The history of Belgian aircraft production began with Ernest O. Tips in 1908 with a gnome powered biplane. In 1935 when he had become manager of the Belgian subsidiary of Fairey Aviation, he designed the Tipsy S (Sport) which was later modified with more powerful engines, becoming the Tipsy S.2. Aircraft OO-TIP is the original Tipsy S converted to S.2 standard. It is on display at the Royal Army Museum of Brussels.
The Dujin resin kit contains a limited amount of parts as one may expect for a tiny subject not much bigger than a 1/144 P-47, however there was not much to be done with the landing gear, engine, and decals (although provided with the kit, they were poorly printed), so they were replaced by scratchbuilt items, and the one piece wings were reworked with milliput to correct warpage and obtain symetric thickness. Both engine cylinders come from a Matchbox Henschel Hs 126 and unpainted soldering wire was used to represent manifold or exhaust pipes. thin metal thread was painted black to represent the ignition wires.
The model was heavily primed and sanded to eliminate pinholes as much as possible, then re-engraved. After a matt white coat from a Tamiya rattle can and a tedious masking session, Humbrol 19 enamel red was airbrushed on.
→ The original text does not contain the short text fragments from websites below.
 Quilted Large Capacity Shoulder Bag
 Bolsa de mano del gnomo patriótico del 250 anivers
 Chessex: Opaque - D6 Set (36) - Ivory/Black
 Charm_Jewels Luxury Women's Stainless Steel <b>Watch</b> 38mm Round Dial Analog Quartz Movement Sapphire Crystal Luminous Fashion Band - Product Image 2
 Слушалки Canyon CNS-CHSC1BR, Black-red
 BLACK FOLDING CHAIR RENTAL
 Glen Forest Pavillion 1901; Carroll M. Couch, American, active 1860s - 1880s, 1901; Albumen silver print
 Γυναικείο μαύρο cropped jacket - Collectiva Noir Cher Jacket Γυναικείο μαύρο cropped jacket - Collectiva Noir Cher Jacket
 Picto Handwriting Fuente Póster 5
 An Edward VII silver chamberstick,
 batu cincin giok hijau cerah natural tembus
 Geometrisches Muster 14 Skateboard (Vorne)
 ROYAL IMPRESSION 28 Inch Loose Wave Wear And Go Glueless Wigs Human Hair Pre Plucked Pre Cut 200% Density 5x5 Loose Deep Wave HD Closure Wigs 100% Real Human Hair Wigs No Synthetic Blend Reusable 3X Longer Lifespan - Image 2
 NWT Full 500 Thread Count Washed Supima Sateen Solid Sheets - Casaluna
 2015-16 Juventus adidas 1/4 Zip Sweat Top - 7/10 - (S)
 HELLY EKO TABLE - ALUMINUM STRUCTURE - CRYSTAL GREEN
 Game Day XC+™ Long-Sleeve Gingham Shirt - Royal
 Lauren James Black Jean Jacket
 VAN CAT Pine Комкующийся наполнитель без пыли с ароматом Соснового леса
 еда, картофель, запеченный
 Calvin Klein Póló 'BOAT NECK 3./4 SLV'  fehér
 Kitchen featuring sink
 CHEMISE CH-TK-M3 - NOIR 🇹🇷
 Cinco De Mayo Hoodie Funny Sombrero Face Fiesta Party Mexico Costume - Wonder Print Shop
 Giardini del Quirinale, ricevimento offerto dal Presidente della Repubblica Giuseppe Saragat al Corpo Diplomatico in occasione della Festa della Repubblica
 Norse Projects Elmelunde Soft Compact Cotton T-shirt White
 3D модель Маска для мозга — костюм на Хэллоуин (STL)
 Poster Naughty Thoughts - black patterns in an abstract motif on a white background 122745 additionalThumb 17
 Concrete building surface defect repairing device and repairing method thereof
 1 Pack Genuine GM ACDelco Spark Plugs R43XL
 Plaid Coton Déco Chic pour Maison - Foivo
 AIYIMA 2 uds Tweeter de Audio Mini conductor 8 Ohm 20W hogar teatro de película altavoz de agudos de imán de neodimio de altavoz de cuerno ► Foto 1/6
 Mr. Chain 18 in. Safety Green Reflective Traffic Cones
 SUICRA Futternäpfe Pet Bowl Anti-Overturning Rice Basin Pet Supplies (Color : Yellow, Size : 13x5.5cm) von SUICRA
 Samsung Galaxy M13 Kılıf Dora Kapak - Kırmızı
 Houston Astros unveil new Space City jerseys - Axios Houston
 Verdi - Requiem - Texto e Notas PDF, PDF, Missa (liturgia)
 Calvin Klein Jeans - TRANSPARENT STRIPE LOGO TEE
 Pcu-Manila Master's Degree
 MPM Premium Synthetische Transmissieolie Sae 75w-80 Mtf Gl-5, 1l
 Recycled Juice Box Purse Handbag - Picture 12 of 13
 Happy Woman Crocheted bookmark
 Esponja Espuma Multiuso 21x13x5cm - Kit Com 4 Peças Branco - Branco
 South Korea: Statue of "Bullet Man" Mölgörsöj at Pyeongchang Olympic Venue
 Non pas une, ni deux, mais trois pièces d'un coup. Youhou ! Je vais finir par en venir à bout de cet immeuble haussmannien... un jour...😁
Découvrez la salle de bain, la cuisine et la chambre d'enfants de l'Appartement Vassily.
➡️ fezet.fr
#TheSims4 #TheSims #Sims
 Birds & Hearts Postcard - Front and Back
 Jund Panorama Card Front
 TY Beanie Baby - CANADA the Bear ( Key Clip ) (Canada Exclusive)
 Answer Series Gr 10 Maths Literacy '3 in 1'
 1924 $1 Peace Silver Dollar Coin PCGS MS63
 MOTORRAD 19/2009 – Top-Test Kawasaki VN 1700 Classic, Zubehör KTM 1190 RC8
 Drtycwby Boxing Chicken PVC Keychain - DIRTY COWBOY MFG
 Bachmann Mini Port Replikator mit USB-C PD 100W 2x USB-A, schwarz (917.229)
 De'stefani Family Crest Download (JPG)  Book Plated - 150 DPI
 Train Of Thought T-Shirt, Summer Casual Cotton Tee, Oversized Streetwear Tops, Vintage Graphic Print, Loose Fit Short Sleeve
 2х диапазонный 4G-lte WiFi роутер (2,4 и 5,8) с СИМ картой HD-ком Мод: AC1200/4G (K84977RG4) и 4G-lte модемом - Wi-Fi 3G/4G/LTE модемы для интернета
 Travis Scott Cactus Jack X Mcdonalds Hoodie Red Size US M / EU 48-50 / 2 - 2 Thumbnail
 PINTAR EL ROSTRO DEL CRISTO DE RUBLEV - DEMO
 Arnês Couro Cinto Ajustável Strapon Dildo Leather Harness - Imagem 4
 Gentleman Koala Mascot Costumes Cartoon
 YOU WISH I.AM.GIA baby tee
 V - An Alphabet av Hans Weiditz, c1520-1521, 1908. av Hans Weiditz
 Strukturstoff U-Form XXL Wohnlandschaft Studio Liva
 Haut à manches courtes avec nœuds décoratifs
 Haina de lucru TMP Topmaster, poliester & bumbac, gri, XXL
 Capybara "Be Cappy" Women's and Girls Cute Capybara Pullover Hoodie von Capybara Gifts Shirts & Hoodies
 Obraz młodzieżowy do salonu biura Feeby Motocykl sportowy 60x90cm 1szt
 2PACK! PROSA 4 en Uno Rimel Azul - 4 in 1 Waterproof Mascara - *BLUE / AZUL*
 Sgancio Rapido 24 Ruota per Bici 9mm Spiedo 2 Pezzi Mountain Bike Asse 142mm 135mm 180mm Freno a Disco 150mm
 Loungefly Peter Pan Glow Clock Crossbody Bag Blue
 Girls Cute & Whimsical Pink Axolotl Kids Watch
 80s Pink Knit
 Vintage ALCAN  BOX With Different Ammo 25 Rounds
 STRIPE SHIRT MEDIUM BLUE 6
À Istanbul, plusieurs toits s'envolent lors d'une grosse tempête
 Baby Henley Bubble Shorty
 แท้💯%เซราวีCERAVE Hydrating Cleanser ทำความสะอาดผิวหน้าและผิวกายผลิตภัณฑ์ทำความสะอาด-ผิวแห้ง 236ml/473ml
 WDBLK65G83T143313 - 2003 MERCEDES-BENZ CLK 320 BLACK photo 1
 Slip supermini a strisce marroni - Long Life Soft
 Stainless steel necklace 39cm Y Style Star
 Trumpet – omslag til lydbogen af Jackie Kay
The registration decals come from a Tally-Ho German lettering sheet, and some black stripes were added. With some stencilling, I managed to represent the O.E. Tips logo on the tail using very small fragments from the spares box, and I'm rather happy with the result (although slightly oversized).
The propeller left a lot to be desired but unfortunately I had nothing that size in the spares box as a replacement, so I tried my best with what I had. I was unable to identify the type of propeller manufacturer so the prop logos are pure fantasy... The model recived three handbrushed coats of Future before adding the last detail bits from scratch.